From: Pascal J. Bourguignon
Subject: Re: How to quote a list of functions?
Date: Tue, 18 Aug 2015 03:32:26 +0200
User-agent: Gnus/5.13 (Gnus v5.13) Emacs/24.3 (gnu/linux)

Emanuel Berg <embe8573@student.uu.se> writes:

> Barry Margolin <barmar@alum.mit.edu> writes:
>
>> No it doesn't. It looks like it does, but only
>> because sharp-quote just returns the symbol in Emacs
>> Lisp, not a function.
>
> OK.
>
>> The problem is that sharp-quote is just syntactic
>> sugar in Elisp, it doesn't actually do anything
>> different from quote.
>
> This makes it confusing to use.

Not if you realize the above sentence is false.

    (cl-flet ((f () 'local))
      (function f))
    --> (lambda nil (quote local))


>> You don't disable functions, you disable *commands*,
>> and commands are denoted using symbols.
>
> And the symbols look the same as the function's names?

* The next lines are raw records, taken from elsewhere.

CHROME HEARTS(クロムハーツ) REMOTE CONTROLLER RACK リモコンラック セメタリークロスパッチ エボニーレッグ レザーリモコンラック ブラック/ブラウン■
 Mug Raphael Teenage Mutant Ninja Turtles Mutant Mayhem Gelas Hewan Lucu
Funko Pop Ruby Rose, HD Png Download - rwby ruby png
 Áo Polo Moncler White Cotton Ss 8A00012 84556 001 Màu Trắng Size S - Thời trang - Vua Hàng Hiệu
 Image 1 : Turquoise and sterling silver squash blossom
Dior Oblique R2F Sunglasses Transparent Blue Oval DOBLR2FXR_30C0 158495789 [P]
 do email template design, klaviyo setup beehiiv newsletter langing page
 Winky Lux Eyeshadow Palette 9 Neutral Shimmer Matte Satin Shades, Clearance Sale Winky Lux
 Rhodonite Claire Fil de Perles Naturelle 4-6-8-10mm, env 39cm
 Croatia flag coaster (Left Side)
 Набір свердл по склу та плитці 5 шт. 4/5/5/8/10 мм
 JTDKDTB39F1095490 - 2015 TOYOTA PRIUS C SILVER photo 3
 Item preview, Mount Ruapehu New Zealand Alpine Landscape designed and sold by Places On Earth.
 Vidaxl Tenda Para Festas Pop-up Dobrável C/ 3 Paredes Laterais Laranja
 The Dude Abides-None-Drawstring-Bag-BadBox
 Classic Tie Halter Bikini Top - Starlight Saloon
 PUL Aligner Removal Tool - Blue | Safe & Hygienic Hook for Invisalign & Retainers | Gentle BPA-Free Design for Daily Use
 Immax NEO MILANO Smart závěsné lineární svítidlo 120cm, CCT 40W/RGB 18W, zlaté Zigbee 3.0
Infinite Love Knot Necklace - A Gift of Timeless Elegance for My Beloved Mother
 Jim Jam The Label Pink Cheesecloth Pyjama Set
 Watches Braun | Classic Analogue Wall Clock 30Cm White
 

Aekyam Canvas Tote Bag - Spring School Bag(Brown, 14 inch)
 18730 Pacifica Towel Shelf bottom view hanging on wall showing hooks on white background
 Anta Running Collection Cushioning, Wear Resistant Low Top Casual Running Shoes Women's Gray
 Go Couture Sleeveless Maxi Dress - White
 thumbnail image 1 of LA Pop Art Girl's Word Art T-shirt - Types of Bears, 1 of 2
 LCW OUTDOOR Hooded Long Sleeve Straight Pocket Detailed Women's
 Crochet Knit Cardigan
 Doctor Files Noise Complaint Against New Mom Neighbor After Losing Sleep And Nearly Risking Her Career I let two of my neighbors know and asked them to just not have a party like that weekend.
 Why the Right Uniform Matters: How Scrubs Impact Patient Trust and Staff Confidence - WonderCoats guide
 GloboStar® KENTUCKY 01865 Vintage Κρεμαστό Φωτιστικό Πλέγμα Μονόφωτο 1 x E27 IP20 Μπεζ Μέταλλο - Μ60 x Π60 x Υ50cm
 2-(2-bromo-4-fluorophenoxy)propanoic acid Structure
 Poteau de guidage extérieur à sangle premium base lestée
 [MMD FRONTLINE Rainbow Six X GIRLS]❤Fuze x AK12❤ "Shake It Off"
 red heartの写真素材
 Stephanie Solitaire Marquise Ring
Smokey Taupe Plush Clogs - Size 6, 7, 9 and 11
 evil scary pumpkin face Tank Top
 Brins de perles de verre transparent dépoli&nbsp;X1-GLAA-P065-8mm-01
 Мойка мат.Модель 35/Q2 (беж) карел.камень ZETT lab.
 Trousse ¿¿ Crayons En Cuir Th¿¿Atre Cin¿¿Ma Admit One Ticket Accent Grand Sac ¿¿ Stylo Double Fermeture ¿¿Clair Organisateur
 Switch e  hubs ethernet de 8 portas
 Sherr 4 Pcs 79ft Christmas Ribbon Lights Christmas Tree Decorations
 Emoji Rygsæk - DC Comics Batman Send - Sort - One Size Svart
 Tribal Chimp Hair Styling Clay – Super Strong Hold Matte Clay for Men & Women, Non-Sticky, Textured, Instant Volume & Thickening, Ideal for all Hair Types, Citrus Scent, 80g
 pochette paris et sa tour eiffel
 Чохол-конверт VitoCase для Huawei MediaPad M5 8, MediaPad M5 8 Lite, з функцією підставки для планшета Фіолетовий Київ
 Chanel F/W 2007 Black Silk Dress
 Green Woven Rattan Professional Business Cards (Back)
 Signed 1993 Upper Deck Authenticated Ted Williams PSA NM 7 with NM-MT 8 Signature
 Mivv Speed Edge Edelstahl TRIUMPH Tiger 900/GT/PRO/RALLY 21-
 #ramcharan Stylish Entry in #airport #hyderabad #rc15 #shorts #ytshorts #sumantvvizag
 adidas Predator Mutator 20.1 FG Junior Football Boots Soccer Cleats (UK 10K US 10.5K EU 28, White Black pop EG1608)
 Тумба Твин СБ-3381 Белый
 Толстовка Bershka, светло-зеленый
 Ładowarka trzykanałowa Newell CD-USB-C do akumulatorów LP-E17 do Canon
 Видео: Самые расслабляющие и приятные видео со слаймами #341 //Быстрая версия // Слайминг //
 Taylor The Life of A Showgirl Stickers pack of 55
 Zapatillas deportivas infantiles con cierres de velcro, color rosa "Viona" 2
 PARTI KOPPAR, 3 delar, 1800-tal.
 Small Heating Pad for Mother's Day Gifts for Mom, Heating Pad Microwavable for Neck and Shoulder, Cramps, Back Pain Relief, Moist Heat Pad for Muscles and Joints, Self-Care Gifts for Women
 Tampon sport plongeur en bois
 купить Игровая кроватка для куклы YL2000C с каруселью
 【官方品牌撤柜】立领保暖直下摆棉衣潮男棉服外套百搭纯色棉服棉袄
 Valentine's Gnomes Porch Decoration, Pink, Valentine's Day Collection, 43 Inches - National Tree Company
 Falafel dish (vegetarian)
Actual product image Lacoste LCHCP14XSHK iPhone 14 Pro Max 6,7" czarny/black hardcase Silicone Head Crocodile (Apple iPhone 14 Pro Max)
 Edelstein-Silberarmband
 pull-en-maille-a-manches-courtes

Yes, some functions are named by symbols. 


> And commands are functions, only those "interactive"
> (in Emacs lingo)?

Yes.


> So where does that leave functions? And when (and why)
> are they refered to "as such", i.e. not using symbols
> to denote them?

There are several kinds of function objects:

    (defun f () 'hello)

    (symbol-function 'f) --> (lambda nil (quote hello))

    (symbol-function 'sin) --> #<subr sin>

    (symbol-function 'find-file)  --> #[(filename &optional wildcards)  
                                       "<binary data>" 
                                       [<constants>]
                                       6 1758059
                                       (byte-code "<binary-data>>"
                                       [<constants>] 3)]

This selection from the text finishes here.